Attentive aux exigences que requiert cette problématique et aux enjeux en cause, la Cour d’appel, s’écarte de ce raisonnement et qualifie la crèche Baby Loup, « d’entreprise de conviction » de la laïcité, autorisée à exiger la neutralité religieuse de ses salariés. Selon la Cour, si la liberté de religion et de la manifester sont des droits, ces libertés ne sont pas absolues et peuvent faire l’objet de restrictions pour assurer le respect des convictions de chacun. La Cour a confronté la liberté individuelle de manifester ses convictions religieuses avec les droits des enfants au respect de leur liberté de conscience en éveil. En conséquence les restrictions prévues dans le règlement intérieur de la crèche concernant les signes religieux ne portent pas atteinte à la liberté religieuse et ne présentent pas un caractère discriminatoire au sens de l’article 1132 du code du travail.
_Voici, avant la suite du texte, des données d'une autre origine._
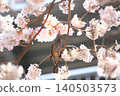 櫻花和野鳥 140503573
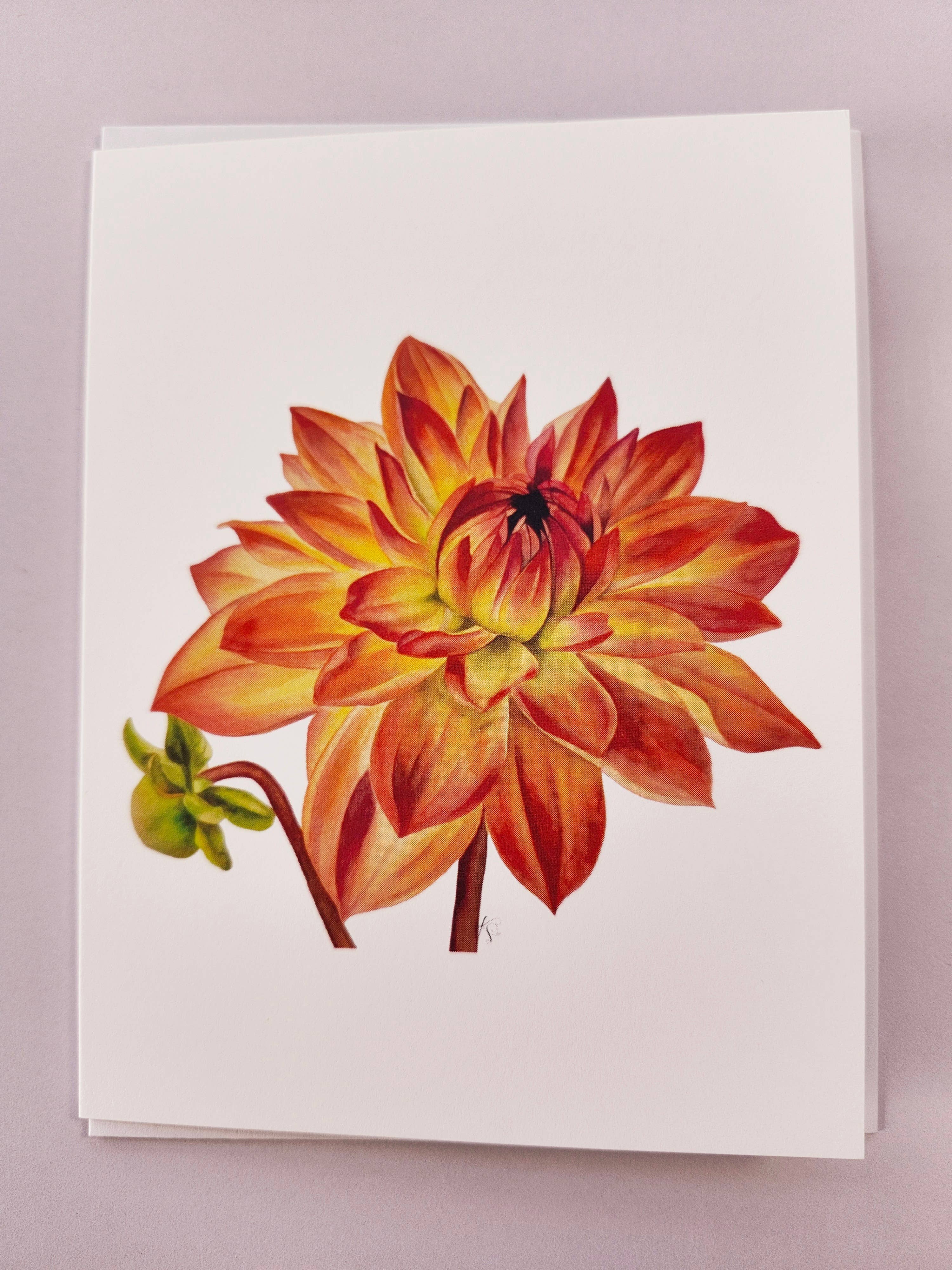 Redbriar Studio - Wholesale Stationery/Notecard Set - Notecards16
L’équilibre recherché par la Cour d’appel de Paris concernant les libertés en présence à préserver est à saluer.
S’agissant de la protection de la petite enfance, l’exigence de la neutralité requise est d’autant plus forte. Il ne fait aucun doute qu’accepter les signes religieux à la crèche, dans le cadre de la petite enfance, c’est les banaliser et les inscrire dans la conscience des enfants. Il est donc important d’être vigilant et de ne pas laisser entrer le loup dans la bergerie, c’est le sens de la décision de la Cour d’appel sur lequel les magistrats de la Cour de cassation à nouveau saisie devront méditer prochainement.